Se isso parece muito, é porque é mesmo. O lado não tão positivo da experiência é perceber que a história pausa vezes demais para apresentar um número musical e às vezes até mais de um em seqüência. Parece em excesso e nem sempre com uma deixa narrativa para que a cantoria seja justificada. Mesmo Nashville sendo a capital da música e o filme centrado na cultura da música Country e Folk, não é um show musical também. Isso só se torna um pouco mais aceitável porque tanta música consegue não ser um desastre. Os atores não são dublados ou cantam Waylon Jennings, Johnny Cash e Loretta Lynn, todos usam suas vozes em canções escritas por eles mesmos. Se 1 hora de música parecer excessivo, poderia ser muito pior se fosse 1 hora de música ruim.
Mas do que “Nashville” se trata mesmo? Não é só uma coisa, e essa é a única certeza sobre o enredo. Nem duas, é praticamente uma para cada personagem diferente, exceto para os que têm o mesmo objetivo. Essa é uma história sobre pessoas seguindo suas próprias agendas, cada um com a sua dominando sua atenção a despeito de todas as outras pessoas ao redor e suas próprias metas. Como dita uma das regras mais básicas de roteiro, basta existir um objetivo e um obstáculo para se ter uma história, então eis 24 personagens que inevitavelmente cruzam caminhos e já se pode imaginar como os eventos se desenrolam. No entanto, essa não é uma obra tradicional e a dinâmica descrita aqui não funciona da forma que se imagina. Há uma essência quase aleatória na forma como os eventos acontecem, como se o acaso fosse o principal norteador da causalidade. Barbara Jean chega de avião e centenas esperam por ela; assim que a moça solta as primeiras palavras ao público, ela desmaia na frente de todo mundo e causa uma comoção. Na saída do aeroporto, algo se desprende de um carro e causa um acidente enorme, deixando as pessoas presas na rodovia; mas nada disso impede a van do candidato à presidência de manter os alto-falantes ligados com o discurso conforme as pessoas saem dos carros para andar entre o movimento. O tom bizarro se mantém ao longo da obra.

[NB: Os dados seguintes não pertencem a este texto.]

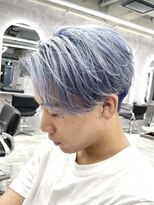 マハロ 千葉(mahalo) ブルーシルバーカラー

O final, então, é a maior demonstração de ironia dramática que se poderia fabricar dentro da proposta de ser um dos filmes mais americanos que já vi. E não no sentido comum da expressão, do sonho americano ou do aspecto comercial de muitas obras americanas, mas pela obra agregar tantos elementos subliminares que fazem parte da experiência americana e muitas vezes passam despercebidos conforme outros aspectos do estilo de vida são evocados em outras obras. “Nashville” é sobre pessoas ambiciosas, hedonismo desenfreado, egoísmo, política e excentricidades artísticas. Ah, e alguém acaba sendo baleado, para não faltar.